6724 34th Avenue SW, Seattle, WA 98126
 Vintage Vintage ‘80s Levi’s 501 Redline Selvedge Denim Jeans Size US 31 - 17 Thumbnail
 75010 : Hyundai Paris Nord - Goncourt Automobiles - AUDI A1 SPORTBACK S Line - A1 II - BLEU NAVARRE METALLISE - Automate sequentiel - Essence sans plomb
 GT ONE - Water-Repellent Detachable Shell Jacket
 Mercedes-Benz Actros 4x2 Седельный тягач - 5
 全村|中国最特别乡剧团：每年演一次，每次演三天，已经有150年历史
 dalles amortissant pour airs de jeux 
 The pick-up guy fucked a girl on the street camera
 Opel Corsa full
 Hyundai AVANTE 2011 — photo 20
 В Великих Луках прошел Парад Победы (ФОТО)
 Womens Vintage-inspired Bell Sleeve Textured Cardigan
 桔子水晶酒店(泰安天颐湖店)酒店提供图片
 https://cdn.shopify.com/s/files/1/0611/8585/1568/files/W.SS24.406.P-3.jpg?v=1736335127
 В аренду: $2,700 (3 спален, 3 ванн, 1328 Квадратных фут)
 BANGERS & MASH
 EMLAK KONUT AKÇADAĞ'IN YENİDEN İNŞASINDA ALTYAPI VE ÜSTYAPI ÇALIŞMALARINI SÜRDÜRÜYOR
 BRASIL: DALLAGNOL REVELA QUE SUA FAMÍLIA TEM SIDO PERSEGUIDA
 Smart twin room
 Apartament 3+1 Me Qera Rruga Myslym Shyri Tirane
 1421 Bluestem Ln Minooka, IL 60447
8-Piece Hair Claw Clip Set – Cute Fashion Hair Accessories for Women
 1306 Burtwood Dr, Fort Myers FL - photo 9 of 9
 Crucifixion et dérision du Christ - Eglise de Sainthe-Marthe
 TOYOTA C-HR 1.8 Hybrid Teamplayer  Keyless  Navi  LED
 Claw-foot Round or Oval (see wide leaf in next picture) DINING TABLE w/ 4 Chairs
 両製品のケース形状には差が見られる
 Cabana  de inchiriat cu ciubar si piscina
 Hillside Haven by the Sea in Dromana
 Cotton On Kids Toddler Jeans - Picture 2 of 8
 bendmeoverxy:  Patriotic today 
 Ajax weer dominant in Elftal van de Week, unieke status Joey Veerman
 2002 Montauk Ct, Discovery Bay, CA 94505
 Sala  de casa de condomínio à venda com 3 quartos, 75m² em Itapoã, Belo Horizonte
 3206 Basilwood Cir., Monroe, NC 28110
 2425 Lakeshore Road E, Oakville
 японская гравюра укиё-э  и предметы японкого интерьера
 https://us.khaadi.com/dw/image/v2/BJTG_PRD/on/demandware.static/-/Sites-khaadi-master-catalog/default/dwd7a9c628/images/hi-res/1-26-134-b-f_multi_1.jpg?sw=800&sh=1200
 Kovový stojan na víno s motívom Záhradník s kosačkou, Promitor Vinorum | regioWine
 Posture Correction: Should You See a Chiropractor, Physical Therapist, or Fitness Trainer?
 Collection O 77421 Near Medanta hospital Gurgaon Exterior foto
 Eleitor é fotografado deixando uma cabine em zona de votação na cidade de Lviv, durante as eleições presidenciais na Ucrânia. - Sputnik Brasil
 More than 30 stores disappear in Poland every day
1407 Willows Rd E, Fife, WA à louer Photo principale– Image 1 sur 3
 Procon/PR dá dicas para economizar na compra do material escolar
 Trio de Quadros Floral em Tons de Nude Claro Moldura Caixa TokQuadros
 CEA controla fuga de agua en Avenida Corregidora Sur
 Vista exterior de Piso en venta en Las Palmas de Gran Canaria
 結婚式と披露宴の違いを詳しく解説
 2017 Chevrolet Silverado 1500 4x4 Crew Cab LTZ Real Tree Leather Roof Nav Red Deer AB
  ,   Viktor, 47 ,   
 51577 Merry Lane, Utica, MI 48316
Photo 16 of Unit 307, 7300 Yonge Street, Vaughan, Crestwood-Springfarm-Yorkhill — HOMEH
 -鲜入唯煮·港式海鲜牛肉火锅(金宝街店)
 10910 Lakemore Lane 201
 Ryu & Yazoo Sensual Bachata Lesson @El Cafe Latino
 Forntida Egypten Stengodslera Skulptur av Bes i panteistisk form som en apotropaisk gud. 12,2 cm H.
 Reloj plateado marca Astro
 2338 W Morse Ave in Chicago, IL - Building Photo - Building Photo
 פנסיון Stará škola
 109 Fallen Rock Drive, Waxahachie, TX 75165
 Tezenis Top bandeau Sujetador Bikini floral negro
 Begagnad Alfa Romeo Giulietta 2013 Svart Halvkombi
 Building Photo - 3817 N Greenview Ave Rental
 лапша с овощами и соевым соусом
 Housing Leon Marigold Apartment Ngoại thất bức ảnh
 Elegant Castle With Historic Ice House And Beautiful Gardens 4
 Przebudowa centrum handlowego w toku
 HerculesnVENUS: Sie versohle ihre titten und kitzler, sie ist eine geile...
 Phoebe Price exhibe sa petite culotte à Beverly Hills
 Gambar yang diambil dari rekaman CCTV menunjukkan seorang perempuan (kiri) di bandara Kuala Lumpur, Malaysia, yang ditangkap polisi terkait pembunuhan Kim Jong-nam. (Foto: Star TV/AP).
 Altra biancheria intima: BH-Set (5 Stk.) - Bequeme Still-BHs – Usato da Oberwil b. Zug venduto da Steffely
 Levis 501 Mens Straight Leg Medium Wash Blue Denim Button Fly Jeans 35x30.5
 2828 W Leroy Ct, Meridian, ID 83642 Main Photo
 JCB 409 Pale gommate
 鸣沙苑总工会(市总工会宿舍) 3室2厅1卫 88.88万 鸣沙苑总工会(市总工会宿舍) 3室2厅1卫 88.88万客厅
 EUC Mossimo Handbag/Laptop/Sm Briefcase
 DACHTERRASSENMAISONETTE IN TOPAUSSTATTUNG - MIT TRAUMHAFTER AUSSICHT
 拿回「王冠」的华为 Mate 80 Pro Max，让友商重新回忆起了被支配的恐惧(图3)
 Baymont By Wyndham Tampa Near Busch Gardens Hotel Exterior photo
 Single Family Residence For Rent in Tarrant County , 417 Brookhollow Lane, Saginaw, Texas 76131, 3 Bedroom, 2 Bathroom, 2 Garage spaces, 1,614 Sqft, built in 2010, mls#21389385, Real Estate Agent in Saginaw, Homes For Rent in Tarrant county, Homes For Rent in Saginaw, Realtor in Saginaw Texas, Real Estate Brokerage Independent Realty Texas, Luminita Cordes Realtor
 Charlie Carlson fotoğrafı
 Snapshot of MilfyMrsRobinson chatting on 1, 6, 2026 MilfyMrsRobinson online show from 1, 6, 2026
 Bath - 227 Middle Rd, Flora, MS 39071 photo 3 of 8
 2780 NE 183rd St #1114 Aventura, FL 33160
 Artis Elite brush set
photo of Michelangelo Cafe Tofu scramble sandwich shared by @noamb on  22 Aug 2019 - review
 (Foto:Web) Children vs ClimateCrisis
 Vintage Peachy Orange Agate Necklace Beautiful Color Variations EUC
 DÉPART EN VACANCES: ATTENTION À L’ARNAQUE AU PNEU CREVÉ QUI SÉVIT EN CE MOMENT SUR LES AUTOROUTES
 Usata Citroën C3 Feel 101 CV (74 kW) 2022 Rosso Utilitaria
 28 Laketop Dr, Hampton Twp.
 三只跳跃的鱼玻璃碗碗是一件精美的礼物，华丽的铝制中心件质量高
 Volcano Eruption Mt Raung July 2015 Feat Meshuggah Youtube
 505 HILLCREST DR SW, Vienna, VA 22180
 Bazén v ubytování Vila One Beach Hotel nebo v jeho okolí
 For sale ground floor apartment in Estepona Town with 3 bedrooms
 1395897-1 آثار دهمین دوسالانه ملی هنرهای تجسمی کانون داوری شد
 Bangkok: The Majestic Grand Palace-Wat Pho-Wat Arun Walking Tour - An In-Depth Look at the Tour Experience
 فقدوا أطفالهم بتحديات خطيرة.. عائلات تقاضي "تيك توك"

====

◆ How to complete this task ◆
From the listing above, repeat exactly the lines starting at the line that includes "Photo 16 of" and ending at the line that includes "Housing Leon Marigold", with nothing outside that span.

◆ Expected output ◆
Photo 16 of Unit 307, 7300 Yonge Street, Vaughan, Crestwood-Springfarm-Yorkhill — HOMEH
 -鲜入唯煮·港式海鲜牛肉火锅(金宝街店)
 10910 Lakemore Lane 201
 Ryu & Yazoo Sensual Bachata Lesson @El Cafe Latino
 Forntida Egypten Stengodslera Skulptur av Bes i panteistisk form som en apotropaisk gud. 12,2 cm H.
 Reloj plateado marca Astro
 2338 W Morse Ave in Chicago, IL - Building Photo - Building Photo
 פנסיון Stará škola
 109 Fallen Rock Drive, Waxahachie, TX 75165
 Tezenis Top bandeau Sujetador Bikini floral negro
 Begagnad Alfa Romeo Giulietta 2013 Svart Halvkombi
 Building Photo - 3817 N Greenview Ave Rental
 лапша с овощами и соевым соусом
 Housing Leon Marigold Apartment Ngoại thất bức ảnh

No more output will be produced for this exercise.